● Problem to solve
Please transcribe exactly, and only, the lines of the data below between the line holding "Face Tattoo Eyeshadow" and the line holding "Mango Turtleneck knitted", inclusive.

● Dataset excerpts
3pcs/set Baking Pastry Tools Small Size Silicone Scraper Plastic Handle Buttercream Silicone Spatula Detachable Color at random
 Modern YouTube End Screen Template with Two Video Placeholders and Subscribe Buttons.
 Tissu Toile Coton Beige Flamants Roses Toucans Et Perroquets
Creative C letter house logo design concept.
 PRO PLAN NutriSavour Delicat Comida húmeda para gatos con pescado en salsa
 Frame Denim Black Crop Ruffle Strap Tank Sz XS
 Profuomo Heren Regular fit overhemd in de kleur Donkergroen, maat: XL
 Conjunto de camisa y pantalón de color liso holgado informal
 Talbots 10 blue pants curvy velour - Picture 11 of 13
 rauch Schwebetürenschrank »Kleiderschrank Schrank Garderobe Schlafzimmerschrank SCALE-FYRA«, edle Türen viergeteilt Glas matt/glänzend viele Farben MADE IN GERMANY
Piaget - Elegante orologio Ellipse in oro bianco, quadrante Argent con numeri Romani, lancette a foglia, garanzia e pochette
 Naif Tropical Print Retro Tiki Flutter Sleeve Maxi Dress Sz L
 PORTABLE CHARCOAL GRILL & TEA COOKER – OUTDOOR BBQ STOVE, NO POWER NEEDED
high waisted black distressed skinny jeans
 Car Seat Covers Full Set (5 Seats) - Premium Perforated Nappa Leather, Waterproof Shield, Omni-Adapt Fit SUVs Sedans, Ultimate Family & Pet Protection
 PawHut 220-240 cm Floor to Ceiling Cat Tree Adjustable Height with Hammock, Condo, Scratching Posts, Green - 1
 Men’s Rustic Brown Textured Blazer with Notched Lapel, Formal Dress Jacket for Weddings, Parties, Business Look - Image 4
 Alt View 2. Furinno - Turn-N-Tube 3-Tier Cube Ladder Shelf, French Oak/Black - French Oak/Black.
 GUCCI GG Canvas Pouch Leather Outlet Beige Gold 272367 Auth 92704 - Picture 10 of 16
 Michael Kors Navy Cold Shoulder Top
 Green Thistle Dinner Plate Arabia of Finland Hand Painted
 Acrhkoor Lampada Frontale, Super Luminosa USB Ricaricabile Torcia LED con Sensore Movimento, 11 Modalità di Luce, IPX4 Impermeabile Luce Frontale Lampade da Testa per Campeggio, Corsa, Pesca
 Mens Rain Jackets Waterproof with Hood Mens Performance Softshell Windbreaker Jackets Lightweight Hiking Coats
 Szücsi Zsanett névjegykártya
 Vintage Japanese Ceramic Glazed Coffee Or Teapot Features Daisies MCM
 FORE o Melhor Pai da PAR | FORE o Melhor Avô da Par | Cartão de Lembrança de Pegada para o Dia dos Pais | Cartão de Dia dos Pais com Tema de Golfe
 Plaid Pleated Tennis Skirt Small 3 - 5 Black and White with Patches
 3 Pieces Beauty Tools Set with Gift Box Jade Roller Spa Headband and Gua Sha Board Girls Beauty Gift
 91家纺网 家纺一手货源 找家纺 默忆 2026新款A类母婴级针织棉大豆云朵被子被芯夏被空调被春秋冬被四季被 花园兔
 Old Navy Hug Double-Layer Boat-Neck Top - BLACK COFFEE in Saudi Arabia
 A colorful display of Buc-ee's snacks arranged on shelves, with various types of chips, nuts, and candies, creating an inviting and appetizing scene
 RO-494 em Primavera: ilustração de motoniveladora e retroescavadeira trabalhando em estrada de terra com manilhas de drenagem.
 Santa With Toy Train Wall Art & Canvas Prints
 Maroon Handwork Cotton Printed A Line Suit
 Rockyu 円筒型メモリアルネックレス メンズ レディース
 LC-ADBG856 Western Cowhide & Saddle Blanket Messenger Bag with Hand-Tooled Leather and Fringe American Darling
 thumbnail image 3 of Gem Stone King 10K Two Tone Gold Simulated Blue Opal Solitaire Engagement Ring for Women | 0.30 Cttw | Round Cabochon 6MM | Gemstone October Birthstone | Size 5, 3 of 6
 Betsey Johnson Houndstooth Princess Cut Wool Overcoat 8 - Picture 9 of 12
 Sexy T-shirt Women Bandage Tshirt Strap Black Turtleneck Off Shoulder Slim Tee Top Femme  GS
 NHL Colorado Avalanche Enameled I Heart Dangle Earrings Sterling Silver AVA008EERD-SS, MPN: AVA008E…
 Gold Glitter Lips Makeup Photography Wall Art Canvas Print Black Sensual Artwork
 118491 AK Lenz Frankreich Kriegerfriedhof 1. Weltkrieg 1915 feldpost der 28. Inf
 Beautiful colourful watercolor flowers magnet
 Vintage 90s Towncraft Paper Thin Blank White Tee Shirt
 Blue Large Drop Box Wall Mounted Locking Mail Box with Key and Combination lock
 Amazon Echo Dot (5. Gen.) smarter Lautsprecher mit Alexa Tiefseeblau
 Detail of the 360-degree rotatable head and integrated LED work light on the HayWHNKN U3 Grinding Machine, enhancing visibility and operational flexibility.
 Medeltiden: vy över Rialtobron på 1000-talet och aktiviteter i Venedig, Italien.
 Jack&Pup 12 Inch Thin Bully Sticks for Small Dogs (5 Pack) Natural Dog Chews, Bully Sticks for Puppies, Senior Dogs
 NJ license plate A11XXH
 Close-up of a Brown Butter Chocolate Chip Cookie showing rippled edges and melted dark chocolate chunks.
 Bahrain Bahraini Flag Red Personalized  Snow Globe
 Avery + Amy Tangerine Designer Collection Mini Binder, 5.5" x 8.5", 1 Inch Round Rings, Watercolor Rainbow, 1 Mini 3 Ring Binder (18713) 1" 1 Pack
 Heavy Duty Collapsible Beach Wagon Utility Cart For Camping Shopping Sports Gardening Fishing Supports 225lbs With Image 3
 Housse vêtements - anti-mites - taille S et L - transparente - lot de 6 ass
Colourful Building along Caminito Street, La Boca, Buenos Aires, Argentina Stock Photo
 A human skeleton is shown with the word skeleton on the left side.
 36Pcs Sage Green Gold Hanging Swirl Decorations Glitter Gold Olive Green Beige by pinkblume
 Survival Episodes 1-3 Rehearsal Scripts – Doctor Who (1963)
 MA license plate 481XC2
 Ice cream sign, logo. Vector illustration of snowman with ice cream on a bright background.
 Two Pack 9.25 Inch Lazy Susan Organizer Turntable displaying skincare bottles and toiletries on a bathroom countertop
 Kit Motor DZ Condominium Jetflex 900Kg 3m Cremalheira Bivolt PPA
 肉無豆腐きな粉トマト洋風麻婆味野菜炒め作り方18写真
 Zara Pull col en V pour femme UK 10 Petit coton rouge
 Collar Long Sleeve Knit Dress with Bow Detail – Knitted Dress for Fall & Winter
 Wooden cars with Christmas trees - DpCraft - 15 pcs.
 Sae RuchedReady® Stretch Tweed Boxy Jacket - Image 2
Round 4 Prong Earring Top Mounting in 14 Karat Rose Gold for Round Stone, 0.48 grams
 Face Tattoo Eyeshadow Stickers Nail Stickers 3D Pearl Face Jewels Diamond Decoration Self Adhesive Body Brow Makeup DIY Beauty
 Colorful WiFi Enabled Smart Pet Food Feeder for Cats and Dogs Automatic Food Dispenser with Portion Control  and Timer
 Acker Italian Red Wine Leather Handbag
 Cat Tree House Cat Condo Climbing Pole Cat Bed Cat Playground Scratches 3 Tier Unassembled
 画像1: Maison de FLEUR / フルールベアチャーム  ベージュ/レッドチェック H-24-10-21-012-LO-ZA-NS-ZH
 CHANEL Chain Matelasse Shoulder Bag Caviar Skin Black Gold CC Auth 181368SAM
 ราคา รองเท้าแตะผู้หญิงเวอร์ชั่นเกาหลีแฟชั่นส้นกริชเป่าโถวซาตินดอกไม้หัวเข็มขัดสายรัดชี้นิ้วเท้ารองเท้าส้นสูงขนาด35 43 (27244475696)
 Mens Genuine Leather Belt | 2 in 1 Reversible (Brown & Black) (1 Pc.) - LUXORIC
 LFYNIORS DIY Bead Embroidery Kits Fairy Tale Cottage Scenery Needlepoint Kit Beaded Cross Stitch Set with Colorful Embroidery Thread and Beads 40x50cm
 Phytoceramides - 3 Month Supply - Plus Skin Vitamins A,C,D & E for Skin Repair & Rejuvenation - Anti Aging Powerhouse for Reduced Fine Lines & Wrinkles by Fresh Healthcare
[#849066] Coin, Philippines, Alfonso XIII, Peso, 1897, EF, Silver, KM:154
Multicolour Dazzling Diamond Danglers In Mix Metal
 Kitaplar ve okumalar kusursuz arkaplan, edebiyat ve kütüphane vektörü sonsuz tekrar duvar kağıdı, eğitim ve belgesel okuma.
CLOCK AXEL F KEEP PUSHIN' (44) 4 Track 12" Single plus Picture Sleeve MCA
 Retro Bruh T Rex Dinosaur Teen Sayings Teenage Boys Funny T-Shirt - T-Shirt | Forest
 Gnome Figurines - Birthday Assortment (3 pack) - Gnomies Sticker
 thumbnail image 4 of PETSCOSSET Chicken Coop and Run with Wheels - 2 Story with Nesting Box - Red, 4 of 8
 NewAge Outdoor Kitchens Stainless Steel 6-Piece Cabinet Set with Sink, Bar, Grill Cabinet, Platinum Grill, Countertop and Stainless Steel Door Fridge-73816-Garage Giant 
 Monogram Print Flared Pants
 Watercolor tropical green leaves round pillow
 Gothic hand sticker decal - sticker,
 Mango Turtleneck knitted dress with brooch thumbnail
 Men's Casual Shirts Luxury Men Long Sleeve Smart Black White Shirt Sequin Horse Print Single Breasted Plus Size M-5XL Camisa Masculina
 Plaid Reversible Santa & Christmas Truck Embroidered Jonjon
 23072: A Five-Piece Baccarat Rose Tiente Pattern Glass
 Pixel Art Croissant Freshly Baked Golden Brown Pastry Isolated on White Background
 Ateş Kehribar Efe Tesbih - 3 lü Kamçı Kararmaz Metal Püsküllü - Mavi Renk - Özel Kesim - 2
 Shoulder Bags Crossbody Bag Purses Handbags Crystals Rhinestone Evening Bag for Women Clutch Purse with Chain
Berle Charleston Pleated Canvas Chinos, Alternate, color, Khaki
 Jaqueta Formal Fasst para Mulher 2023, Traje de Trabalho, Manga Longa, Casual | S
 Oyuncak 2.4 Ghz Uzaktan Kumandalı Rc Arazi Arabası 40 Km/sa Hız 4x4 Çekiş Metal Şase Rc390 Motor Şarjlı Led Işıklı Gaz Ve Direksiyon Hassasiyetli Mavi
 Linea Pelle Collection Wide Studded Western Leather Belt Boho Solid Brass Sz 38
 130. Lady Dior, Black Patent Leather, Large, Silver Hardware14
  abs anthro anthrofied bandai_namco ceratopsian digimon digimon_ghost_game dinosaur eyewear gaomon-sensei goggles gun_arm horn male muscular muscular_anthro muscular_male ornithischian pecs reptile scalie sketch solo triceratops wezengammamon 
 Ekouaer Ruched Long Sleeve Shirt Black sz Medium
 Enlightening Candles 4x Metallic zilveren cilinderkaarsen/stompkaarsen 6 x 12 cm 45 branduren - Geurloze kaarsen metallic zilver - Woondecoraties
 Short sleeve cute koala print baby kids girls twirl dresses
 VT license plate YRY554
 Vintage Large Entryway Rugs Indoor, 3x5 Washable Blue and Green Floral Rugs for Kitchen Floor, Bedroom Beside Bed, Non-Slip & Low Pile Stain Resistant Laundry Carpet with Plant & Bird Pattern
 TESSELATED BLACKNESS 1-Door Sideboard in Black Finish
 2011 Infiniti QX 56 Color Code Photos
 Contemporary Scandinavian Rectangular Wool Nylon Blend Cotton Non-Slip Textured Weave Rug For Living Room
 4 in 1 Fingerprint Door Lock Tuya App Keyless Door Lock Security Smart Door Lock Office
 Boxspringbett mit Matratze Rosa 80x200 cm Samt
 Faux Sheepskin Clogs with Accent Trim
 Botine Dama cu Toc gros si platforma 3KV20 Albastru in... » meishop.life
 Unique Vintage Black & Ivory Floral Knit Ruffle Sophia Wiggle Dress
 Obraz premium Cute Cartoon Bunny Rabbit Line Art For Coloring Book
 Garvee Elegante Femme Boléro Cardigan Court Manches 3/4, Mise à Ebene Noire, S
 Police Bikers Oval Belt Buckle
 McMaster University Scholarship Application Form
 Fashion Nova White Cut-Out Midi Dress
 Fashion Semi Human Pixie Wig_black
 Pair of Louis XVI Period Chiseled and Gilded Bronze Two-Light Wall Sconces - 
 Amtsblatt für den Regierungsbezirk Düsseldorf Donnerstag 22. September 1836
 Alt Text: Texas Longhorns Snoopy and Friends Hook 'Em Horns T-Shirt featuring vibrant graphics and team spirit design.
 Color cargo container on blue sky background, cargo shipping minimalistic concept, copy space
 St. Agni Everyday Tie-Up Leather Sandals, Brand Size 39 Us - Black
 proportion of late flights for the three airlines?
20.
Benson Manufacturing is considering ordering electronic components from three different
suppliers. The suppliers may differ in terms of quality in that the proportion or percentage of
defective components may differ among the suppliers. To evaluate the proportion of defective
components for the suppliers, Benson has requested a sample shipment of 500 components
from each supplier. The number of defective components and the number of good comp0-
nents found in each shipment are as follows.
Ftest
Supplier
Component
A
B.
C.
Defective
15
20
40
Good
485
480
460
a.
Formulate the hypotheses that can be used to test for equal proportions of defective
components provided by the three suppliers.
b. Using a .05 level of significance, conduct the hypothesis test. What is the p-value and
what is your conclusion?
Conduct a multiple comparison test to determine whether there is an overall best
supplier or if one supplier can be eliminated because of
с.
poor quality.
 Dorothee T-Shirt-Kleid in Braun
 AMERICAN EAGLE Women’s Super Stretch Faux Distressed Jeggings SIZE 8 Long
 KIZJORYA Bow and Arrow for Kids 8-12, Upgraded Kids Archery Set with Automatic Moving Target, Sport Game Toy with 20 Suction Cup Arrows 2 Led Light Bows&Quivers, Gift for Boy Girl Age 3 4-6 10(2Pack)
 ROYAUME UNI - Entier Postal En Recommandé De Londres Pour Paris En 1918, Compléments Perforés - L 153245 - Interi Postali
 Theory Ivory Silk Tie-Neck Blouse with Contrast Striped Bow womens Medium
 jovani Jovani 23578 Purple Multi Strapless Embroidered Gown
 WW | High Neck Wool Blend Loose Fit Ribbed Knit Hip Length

● Result below
 Face Tattoo Eyeshadow Stickers Nail Stickers 3D Pearl Face Jewels Diamond Decoration Self Adhesive Body Brow Makeup DIY Beauty
 Colorful WiFi Enabled Smart Pet Food Feeder for Cats and Dogs Automatic Food Dispenser with Portion Control  and Timer
 Acker Italian Red Wine Leather Handbag
 Cat Tree House Cat Condo Climbing Pole Cat Bed Cat Playground Scratches 3 Tier Unassembled
 画像1: Maison de FLEUR / フルールベアチャーム  ベージュ/レッドチェック H-24-10-21-012-LO-ZA-NS-ZH
 CHANEL Chain Matelasse Shoulder Bag Caviar Skin Black Gold CC Auth 181368SAM
 ราคา รองเท้าแตะผู้หญิงเวอร์ชั่นเกาหลีแฟชั่นส้นกริชเป่าโถวซาตินดอกไม้หัวเข็มขัดสายรัดชี้นิ้วเท้ารองเท้าส้นสูงขนาด35 43 (27244475696)
 Mens Genuine Leather Belt | 2 in 1 Reversible (Brown & Black) (1 Pc.) - LUXORIC
 LFYNIORS DIY Bead Embroidery Kits Fairy Tale Cottage Scenery Needlepoint Kit Beaded Cross Stitch Set with Colorful Embroidery Thread and Beads 40x50cm
 Phytoceramides - 3 Month Supply - Plus Skin Vitamins A,C,D & E for Skin Repair & Rejuvenation - Anti Aging Powerhouse for Reduced Fine Lines & Wrinkles by Fresh Healthcare
[#849066] Coin, Philippines, Alfonso XIII, Peso, 1897, EF, Silver, KM:154
Multicolour Dazzling Diamond Danglers In Mix Metal
 Kitaplar ve okumalar kusursuz arkaplan, edebiyat ve kütüphane vektörü sonsuz tekrar duvar kağıdı, eğitim ve belgesel okuma.
CLOCK AXEL F KEEP PUSHIN' (44) 4 Track 12" Single plus Picture Sleeve MCA
 Retro Bruh T Rex Dinosaur Teen Sayings Teenage Boys Funny T-Shirt - T-Shirt | Forest
 Gnome Figurines - Birthday Assortment (3 pack) - Gnomies Sticker
 thumbnail image 4 of PETSCOSSET Chicken Coop and Run with Wheels - 2 Story with Nesting Box - Red, 4 of 8
 NewAge Outdoor Kitchens Stainless Steel 6-Piece Cabinet Set with Sink, Bar, Grill Cabinet, Platinum Grill, Countertop and Stainless Steel Door Fridge-73816-Garage Giant 
 Monogram Print Flared Pants
 Watercolor tropical green leaves round pillow
 Gothic hand sticker decal - sticker,
 Mango Turtleneck knitted dress with brooch thumbnail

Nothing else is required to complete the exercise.